Task details
Go through the listing below and write out exactly the lines from the one that mentions "A man studying" through the one that mentions "Aromatic spice. Different", minus the pictures.

Material provided
■ ■ ■

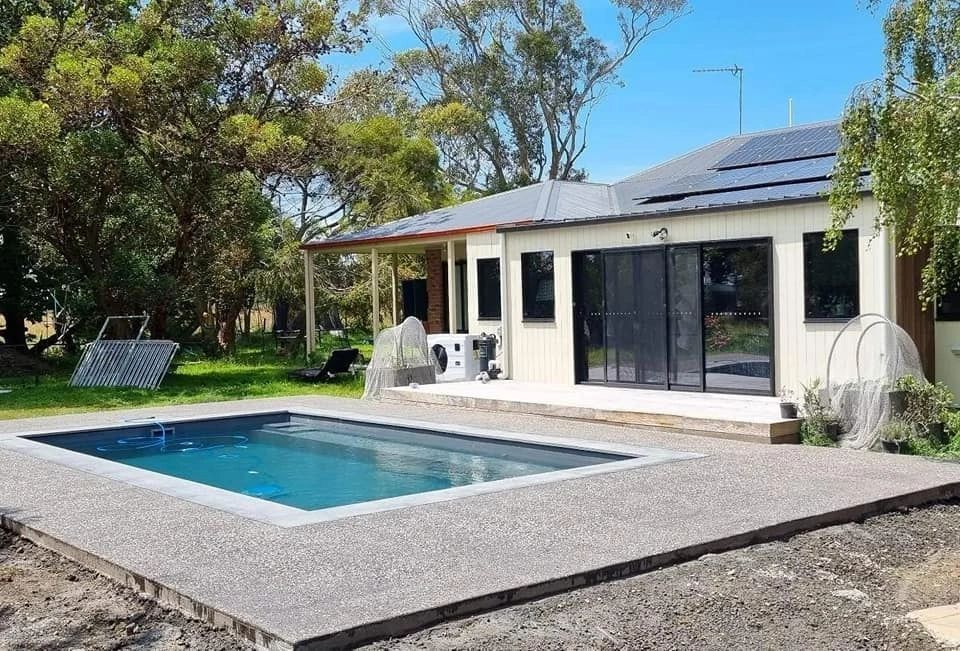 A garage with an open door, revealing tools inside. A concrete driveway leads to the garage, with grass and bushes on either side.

■ ■ ■

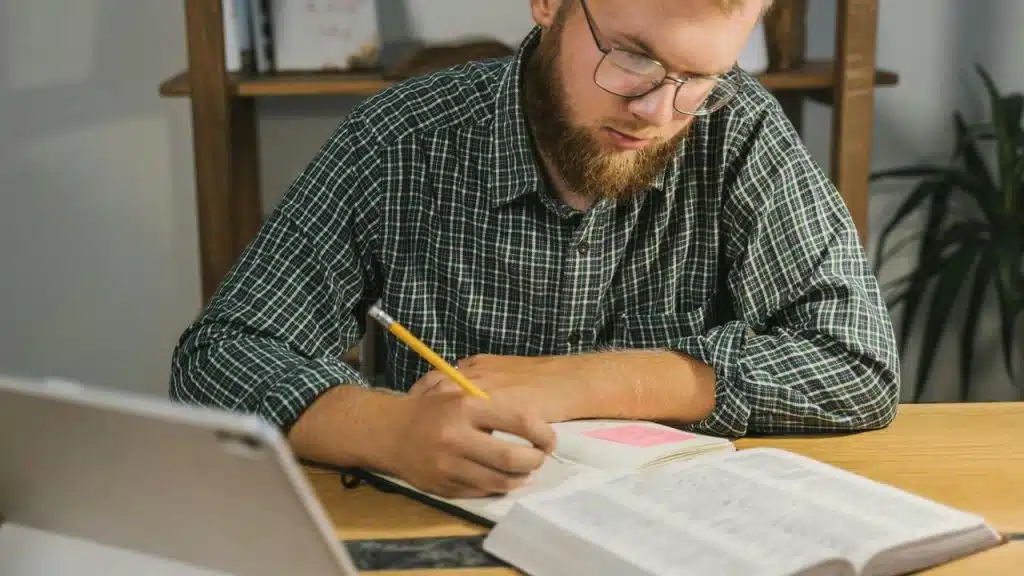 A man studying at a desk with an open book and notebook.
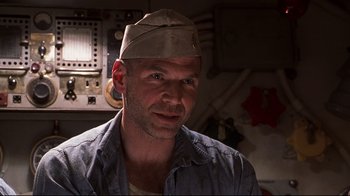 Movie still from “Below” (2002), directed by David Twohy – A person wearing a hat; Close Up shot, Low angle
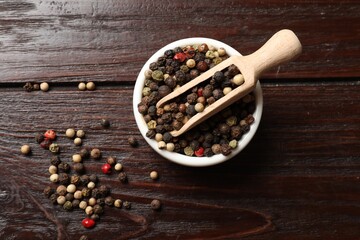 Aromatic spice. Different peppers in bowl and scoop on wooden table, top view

■ ■ ■

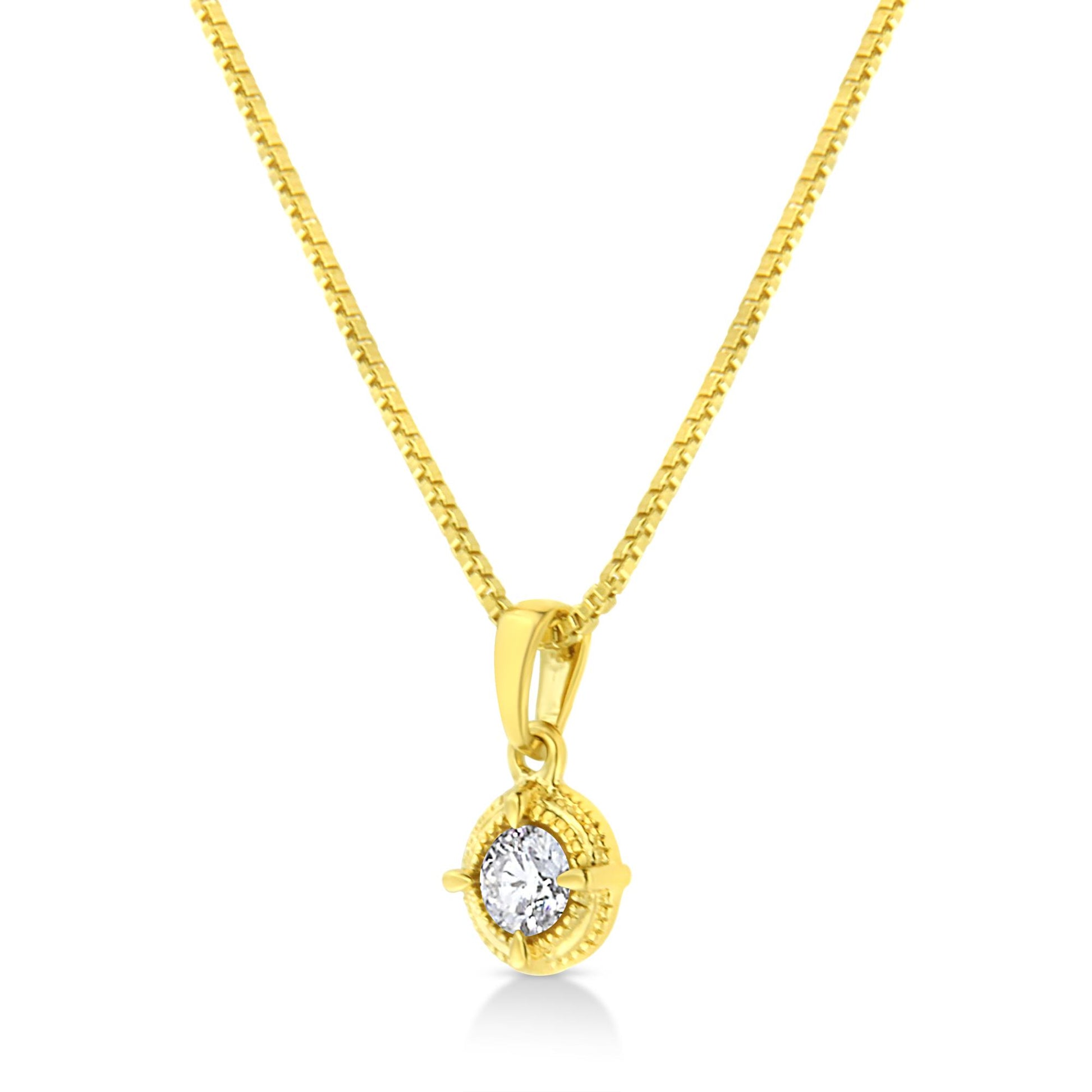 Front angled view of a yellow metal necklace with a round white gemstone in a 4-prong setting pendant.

■ ■ ■

Answer to the exercise
 A man studying at a desk with an open book and notebook.
 Movie still from “Below” (2002), directed by David Twohy – A person wearing a hat; Close Up shot, Low angle
 Aromatic spice. Different peppers in bowl and scoop on wooden table, top view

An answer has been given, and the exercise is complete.